9 Attention for Neural Networks
These notes are based on Josh Starmer’s video Attention for Neural Networks, Clearly Explained!!!
Issues with the basic encoder-decoder architecture
When we unroll the LSTMs in the encoder-decoder architecture, we end up compressing the entire input sentence into a single context vector. This is ok for short phrases, but for bigger input vocabularies this might not work. For example, words which come earlier on may be forgotten. For example, this would be a big issue if the first word at the beginning of “Don’t eat the pizza while petting the cat”.
The Novelty of Attention
Instead of having information forgotten by the LSTMs, new paths are created from older units (further towards the front) directly to the decoder so they can serve as inputs. However, adding these extra paths is not a simple process. This style of model is consistent for all encoder-decoder models with attention.
The Process of Attention
- attention determines how similar the outputs from the encoder LSTMs are at each step. (a similarity score between LSTM outputs and the firs tstep of the decoder)

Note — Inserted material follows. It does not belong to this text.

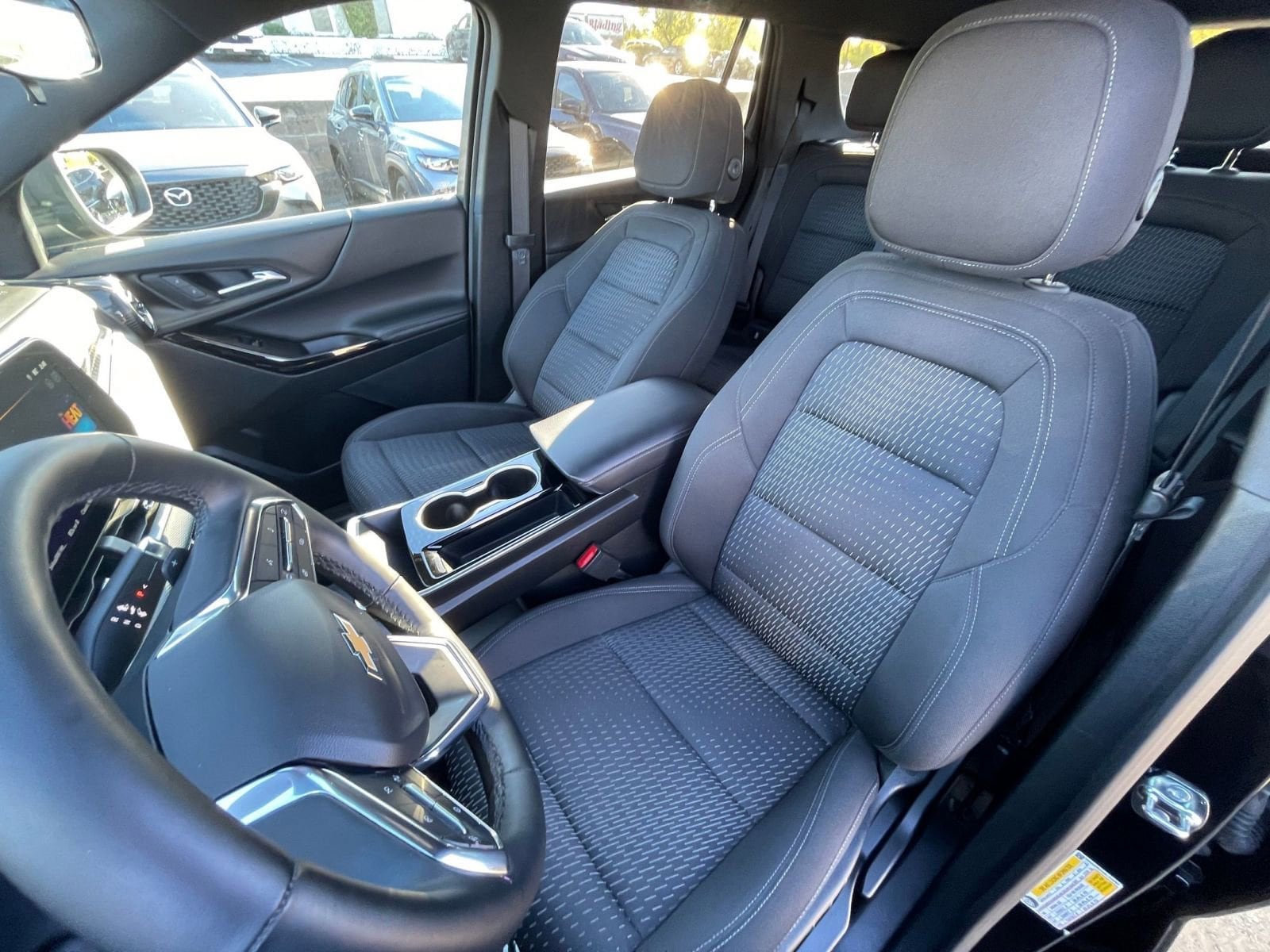 Thumbnail: 2025 Chevrolet Equinox - 35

- There are many ways to determine the similarity of two word embeddings
- cosine-similarity: \text{cosine similarity } = \frac{\sum_{i=1}^{n}A_{i}B_{i}}{\sqrt{\sum_{i=1}^{n}A_{i}^{2}}\sqrt{\sqrt{\sum_{i=1}^{n}B_{i}^{2}}}}
- the numerator calculates the similarity between two sequences of numbers
- the denominator scales the value to between 0 and 1.

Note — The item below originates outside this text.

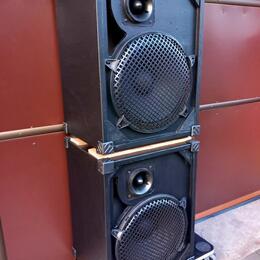 Reproboxy pasivní 250W - Celestion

- alternatively, the numerator can be used alone - the scaling may or may not be necessary in all cases. This numerator is simply referred to as the dot product. this metric is more common because it is
- cosine-similarity: \text{cosine similarity } = \frac{\sum_{i=1}^{n}A_{i}B_{i}}{\sqrt{\sum_{i=1}^{n}A_{i}^{2}}\sqrt{\sqrt{\sum_{i=1}^{n}B_{i}^{2}}}}
- If the score for one word is higher, we want that word to have more influence on the first word that comes out of the decoder.
- scores are run through the softmax function, and the output determines the percentage of the decoding accounted for by each of the input words. This output is run through a fully connected layer and softmax is used to determine the resulting word.
Just like with encoder-decoder networks, you keep using the next word, unrolling the network, if the predicted word is not <EOS>
However, now that attention has been added to the model, it actually turns out that the LSTM modules are not necessary.